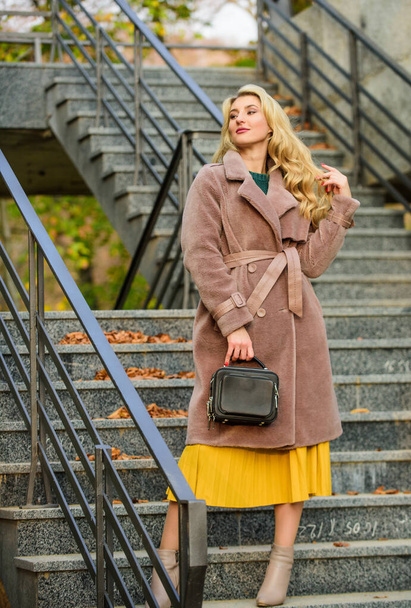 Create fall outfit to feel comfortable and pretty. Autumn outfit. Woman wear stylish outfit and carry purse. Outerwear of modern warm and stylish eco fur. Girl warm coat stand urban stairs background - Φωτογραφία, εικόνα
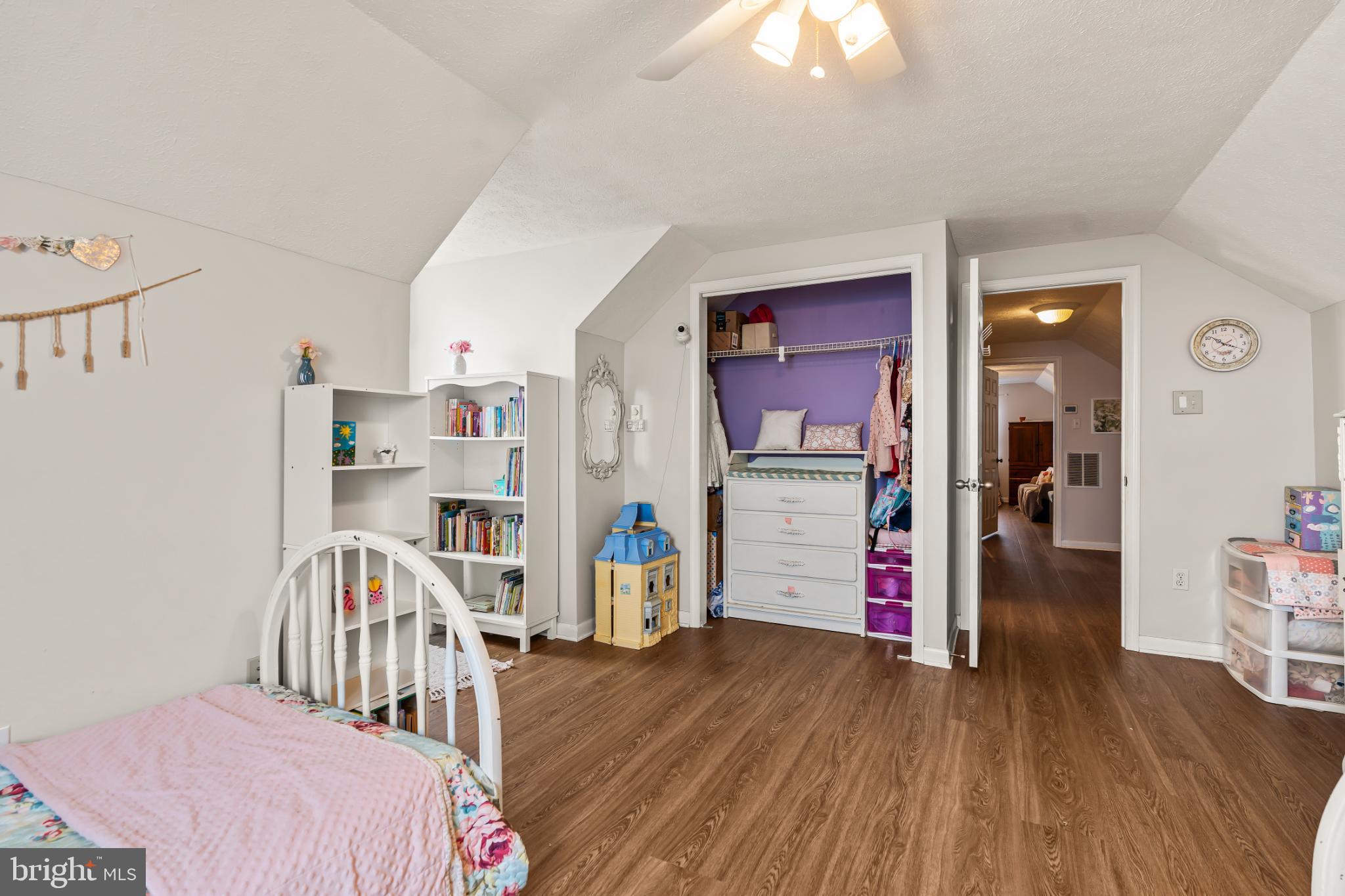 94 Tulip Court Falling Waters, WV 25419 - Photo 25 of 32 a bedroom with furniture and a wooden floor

---

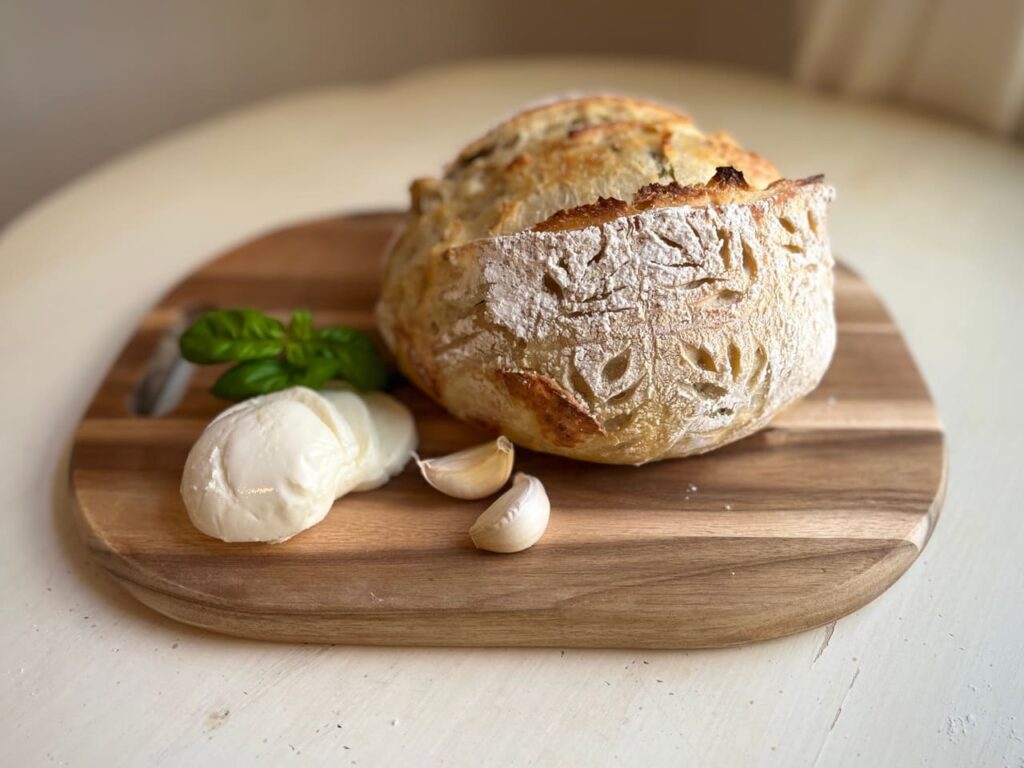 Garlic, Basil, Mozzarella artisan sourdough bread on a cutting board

**Task directions:** Leaving each picture behind, please give again exactly the lines above from the one with "Create fall outfit" through the one with "94 Tulip Court", both included, and no others.

**Expected output:**
 Create fall outfit to feel comfortable and pretty. Autumn outfit. Woman wear stylish outfit and carry purse. Outerwear of modern warm and stylish eco fur. Girl warm coat stand urban stairs background - Φωτογραφία, εικόνα
 94 Tulip Court Falling Waters, WV 25419 - Photo 25 of 32 a bedroom with furniture and a wooden floor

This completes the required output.